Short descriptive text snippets

┌──

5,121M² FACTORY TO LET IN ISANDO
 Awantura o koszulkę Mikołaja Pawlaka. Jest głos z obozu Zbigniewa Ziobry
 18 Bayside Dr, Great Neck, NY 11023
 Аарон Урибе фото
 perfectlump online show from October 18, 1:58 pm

└──

Every record must appear in the answer exactly as written.

5,121M² FACTORY TO LET IN ISANDO
 Awantura o koszulkę Mikołaja Pawlaka. Jest głos z obozu Zbigniewa Ziobry
 18 Bayside Dr, Great Neck, NY 11023
 Аарон Урибе фото
 perfectlump online show from October 18, 1:58 pm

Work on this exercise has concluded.